The bill reduces out-of-pocket travel costs and improves predictability for service members by expanding rental car reimbursement and codifying regulatory updates, at the cost of modestly higher DoD travel expenses and short-term administrative adjustments.
Service members who travel more than 150 miles for training will have rental car costs covered for the full duty period and one adjacent travel day, reducing their out-of-pocket travel expenses.
Military personnel and federal employees will have clearer and more predictable travel reimbursement because the statute clarifies entitlement and requires the Joint Travel Regulation to be updated within 180 days, speeding implementation.

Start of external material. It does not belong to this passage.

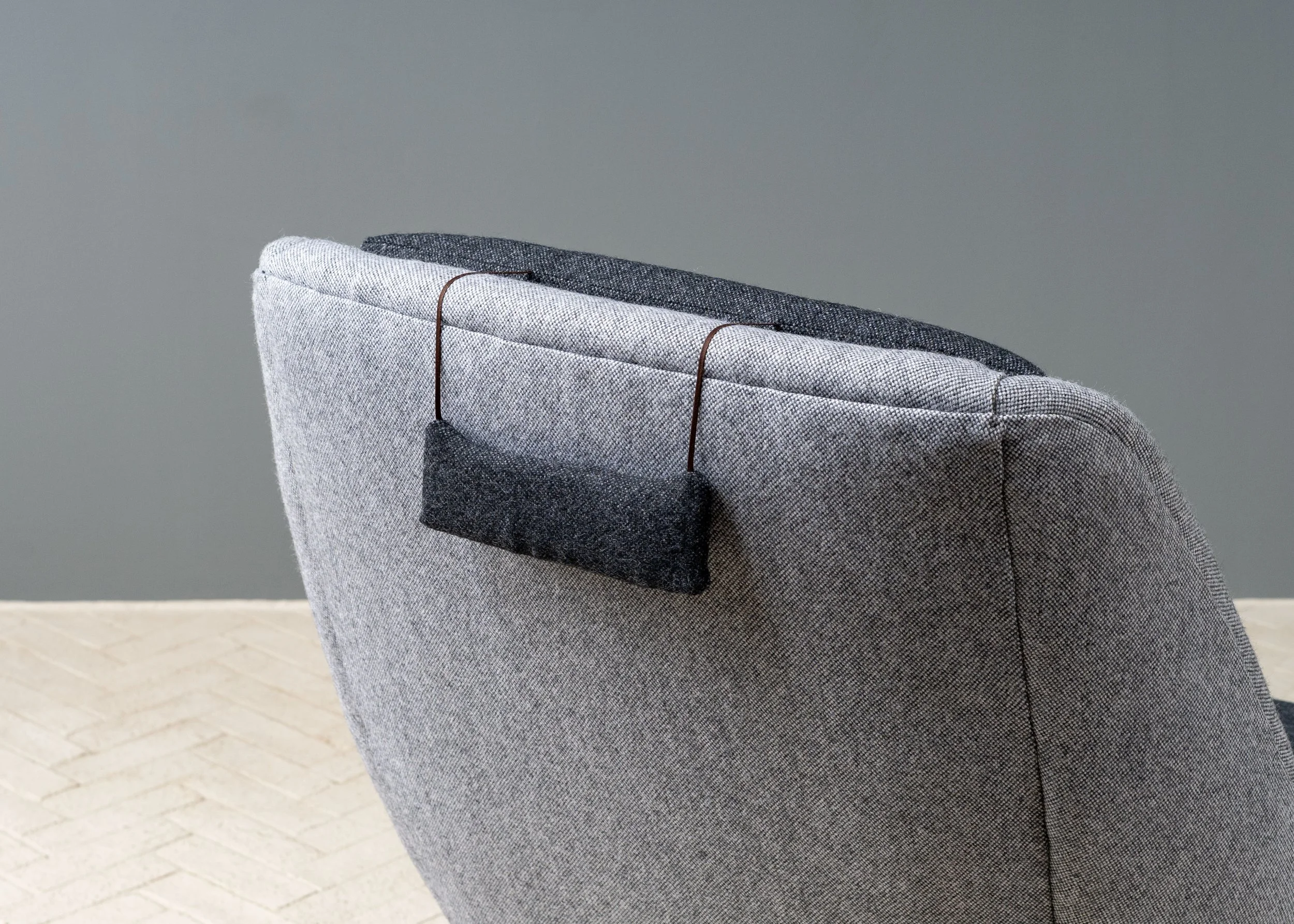 swedish-two-tone-lounge-chair-resideinc-12.jpg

Taxpayers and the Department of Defense budget may face modestly higher travel expenses because expanding rental car reimbursement increases DoD's reimbursement obligations, which could shift funds from other programs.
Military personnel and federal employees may face short-term administrative burden and processing delays while DoD updates the Joint Travel Regulations and pay systems to comply with the 180-day requirement.
Based on analysis of 2 sections of legislative text.
Requires travel allowances to reimburse vehicle rental costs for the full training/duty period and the adjacent travel day when a service member travels over 150 miles and rental costs are reimbursable.
Introduced February 17, 2026 by Tony Gonzales · Last progress February 17, 2026
Requires travel allowances to cover motor vehicle rental costs for the full period of a training or duty assignment and for the travel day immediately before or after that period when a uniformed service member travels more than 150 miles and rental costs are a reimbursable expense. The Secretary of Defense must update the Joint Travel Regulations to implement this change within 180 days of enactment.